El ritmo de la terapia
es bajo mi punto de vista el gran secreto de un vínculo fuerte y saludable. El
grado de implicación dependerá de la empatía establecida y de la capacidad de
comunicación de la sensibilidad implicada en el proceso. Cuando se encuentra el
ritmo correcto, aparece esa danza de cooperación, sentida, vinculante, donde
los procesos defensivos internos del paciente disminuyen y la esencia de la
persona aflora como un manantial de agua fresca. Pero hasta conseguir ese brote
de agua más clara se han de ir salvando los recovecos que dejaron de permitir
la libertad de acción.
En la práctica clínica
aparecen dos polos bien diferenciados en relación a la falta de control
flexible y consciente, es decir, del control neopsíquico, son la impulsividad y
la sobreadaptación. Al indagar sobre los resultados de tales conductas, de su
fenomenología, la complejidad de las transacciones en la interacción social y
la historia del individuo, aparece el estado simbiótico como medio de
existencia. En este patrón estable pero totalmente dependiente, la
contaminación y exclusión de los estados del yo mantiene al adulto fuera de
acción. El terapeuta, entonces, puede correr el riesgo de entrar en el juego y
acabar por tomar la decisión por el paciente ya que las conductas pasivas no
tienen otro impulso que mantener la identidad simbiótica.
En la impulsividad, la
respuesta más común es la predictibilidad del modus vivendi “yo soy así” evitando
cualquier posible reflexión y el miedo de encontrarse con el diálogo interno
para dirigirse a la congruencia, sin entrenar, de su adulto. Por otro lado,
están la continuidad y la protección que supone mantener ese impulso en un
discurso de “es lo que se espera de mí y así no me atosigan”. Este brote
incesante que aparece en conductas reiterativas es el falso brote que puede
ocultar la afluencia de ese manantial del Ser que se busca en todo proceso de
cambio.
En la sobreadaptación,
el diálogo ente el estado del yo Padre y Niño aparece igualmente marcado,
anulando la intervención del Adulto. En ocasiones, se actúa bajo la norma de
los supuestos sociales y el Padre Crítico toma el control; en otros casos, las
necesidades del otro se viven como más importantes que las propias dando el
poder de control al Niño Sumiso. Es curioso observar estas dos conductas en el
día a día y darse cuenta hasta qué punto se ha llegado a naturalizar, valorar y
premiar.
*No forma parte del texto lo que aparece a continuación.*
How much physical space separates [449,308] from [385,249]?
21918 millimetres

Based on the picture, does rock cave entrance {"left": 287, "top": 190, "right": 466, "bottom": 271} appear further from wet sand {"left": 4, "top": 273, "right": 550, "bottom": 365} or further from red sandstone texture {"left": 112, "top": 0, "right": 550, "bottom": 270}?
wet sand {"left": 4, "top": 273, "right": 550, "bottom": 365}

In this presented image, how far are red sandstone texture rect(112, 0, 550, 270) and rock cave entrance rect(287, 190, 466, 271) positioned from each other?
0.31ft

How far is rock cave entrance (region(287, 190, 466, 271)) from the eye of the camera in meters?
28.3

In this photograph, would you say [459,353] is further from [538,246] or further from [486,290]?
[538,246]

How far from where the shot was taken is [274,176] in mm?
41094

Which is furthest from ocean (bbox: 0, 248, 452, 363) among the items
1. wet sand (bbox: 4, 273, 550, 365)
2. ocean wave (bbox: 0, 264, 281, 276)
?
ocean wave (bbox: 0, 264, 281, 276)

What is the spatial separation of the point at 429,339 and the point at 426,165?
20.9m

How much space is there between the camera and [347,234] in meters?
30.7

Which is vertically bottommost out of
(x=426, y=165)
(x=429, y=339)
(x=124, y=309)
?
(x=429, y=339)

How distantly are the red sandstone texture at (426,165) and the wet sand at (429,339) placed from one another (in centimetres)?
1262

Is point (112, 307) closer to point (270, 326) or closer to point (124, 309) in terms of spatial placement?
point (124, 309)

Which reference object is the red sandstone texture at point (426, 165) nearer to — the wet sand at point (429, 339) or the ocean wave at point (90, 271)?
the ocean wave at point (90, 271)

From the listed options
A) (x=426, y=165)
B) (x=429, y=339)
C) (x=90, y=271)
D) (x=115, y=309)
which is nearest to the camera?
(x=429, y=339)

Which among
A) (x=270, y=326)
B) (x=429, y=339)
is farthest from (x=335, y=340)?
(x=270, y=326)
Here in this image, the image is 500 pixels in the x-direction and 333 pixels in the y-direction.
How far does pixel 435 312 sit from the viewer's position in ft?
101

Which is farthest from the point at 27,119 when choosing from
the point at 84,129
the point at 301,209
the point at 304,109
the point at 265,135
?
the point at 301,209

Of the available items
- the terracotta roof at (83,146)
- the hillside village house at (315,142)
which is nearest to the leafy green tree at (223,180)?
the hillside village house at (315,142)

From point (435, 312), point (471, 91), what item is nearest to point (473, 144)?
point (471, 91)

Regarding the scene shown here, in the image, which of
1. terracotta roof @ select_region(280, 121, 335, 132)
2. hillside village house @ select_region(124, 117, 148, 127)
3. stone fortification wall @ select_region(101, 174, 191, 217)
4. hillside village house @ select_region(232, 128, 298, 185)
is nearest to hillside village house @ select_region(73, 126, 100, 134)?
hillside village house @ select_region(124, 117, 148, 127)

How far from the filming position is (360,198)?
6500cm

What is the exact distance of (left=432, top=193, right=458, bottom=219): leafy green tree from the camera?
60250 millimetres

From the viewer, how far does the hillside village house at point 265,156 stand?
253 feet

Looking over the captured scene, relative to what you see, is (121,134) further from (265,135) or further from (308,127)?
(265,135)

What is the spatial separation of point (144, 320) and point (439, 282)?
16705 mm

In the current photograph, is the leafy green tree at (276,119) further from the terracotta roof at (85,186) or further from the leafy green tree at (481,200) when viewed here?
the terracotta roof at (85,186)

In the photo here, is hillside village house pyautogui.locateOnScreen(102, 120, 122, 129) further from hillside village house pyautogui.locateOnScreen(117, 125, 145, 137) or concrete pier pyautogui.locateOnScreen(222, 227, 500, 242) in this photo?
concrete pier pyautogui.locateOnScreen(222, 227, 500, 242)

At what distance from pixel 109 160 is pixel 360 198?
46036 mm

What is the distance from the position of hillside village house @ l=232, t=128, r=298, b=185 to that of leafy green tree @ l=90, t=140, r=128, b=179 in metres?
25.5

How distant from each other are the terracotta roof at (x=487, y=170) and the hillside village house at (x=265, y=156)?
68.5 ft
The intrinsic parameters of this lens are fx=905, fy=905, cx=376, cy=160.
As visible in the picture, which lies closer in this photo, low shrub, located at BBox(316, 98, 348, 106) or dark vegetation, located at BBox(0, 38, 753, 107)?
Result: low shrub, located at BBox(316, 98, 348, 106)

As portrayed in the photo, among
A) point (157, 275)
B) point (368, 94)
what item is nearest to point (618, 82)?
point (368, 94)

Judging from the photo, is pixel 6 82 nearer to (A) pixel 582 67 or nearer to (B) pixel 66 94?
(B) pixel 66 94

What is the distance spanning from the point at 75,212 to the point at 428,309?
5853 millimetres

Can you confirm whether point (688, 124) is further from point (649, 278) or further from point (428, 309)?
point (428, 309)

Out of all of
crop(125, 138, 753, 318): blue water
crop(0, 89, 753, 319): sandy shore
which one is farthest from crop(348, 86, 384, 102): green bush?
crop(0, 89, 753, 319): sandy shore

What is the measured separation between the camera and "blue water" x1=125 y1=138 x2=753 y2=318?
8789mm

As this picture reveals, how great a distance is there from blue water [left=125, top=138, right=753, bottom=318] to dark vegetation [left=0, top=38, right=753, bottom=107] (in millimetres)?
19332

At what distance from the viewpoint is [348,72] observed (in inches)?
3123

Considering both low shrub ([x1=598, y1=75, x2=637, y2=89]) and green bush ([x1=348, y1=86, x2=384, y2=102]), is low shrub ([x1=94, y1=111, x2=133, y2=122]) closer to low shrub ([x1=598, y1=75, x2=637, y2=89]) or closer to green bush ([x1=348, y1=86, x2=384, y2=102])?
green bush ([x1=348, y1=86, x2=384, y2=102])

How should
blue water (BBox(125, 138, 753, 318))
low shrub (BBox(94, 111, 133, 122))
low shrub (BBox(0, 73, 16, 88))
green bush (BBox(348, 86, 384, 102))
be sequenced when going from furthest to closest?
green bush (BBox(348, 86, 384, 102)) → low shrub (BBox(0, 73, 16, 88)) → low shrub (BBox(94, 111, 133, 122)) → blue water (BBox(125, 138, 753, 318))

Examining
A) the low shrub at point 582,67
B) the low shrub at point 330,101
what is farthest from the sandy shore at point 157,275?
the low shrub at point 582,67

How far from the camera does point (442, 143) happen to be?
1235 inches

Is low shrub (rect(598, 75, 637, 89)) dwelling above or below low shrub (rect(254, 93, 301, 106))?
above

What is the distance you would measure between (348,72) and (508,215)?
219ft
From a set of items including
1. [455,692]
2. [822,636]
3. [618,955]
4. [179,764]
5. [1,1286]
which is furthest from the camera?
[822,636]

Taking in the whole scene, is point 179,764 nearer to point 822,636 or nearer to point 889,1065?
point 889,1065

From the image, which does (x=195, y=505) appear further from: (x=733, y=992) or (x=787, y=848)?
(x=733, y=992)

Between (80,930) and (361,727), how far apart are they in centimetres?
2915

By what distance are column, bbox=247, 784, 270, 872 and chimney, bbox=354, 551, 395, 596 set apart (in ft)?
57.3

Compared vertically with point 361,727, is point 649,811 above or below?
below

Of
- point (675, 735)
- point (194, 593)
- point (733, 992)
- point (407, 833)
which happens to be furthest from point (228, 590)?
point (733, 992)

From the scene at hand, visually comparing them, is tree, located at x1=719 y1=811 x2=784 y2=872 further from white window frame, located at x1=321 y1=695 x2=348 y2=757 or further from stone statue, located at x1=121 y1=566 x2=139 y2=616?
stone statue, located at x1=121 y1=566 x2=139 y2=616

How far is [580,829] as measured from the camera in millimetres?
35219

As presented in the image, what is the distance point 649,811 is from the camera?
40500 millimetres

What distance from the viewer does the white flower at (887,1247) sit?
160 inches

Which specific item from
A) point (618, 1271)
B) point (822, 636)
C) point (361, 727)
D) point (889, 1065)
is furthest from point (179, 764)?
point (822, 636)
Deberíamos preguntarnos más a menudo si las estructuras sociales que
tomamos como guías nos conducen a nuestra autonomía o nos conducen a la
dependencia. Posiblemente, cuando el modelo de amar que hemos adquirido vaya
adquiriendo mayor libertad, estaremos en una comprensión de la vida más
apropiada, más responsable y consciente.
En síntesis, el trabajo
en el proceso terapéutico es escuchar las creencias, la posición de vida en las
relaciones y el sistema de intercambio de caricias para tener una idea general
del patrón de adaptación desarrollado. El objetivo siempre es llegar a
comprender desde el Adulto, valorando la mejor opción en el proceso de
aprendizaje continuo. Es necesario, también, empatizar con el estado del yo
Niño y ofrecer la comprensión y seguridad que requiera el individuo según se
estructura de personalidad, al mismo tiempo que recactetizar el Padre. El
sentimiento amoroso acompañará la experiencia de catectizar, en la medida en
que es un proceso por el cual algo llega a ser importante para nosotros. Según
esta propuesta, una vez comprendido amorosamente, los valores y normas del
Padre serán cargados con nuestra energía renovada. Sin embargo, no hay que
confundir la catexia con el amar. Ciertamente es mejor amar con sentimientos de
amor y catexia, pero es posible amar sin estos elementos y es ahí donde el
verdadero amor trasciende. La clave es la voluntad de promover el crecimiento
personal, en una cooperación consciente.
La dedicación es la
piedra angular de la relación psicoterapéutica.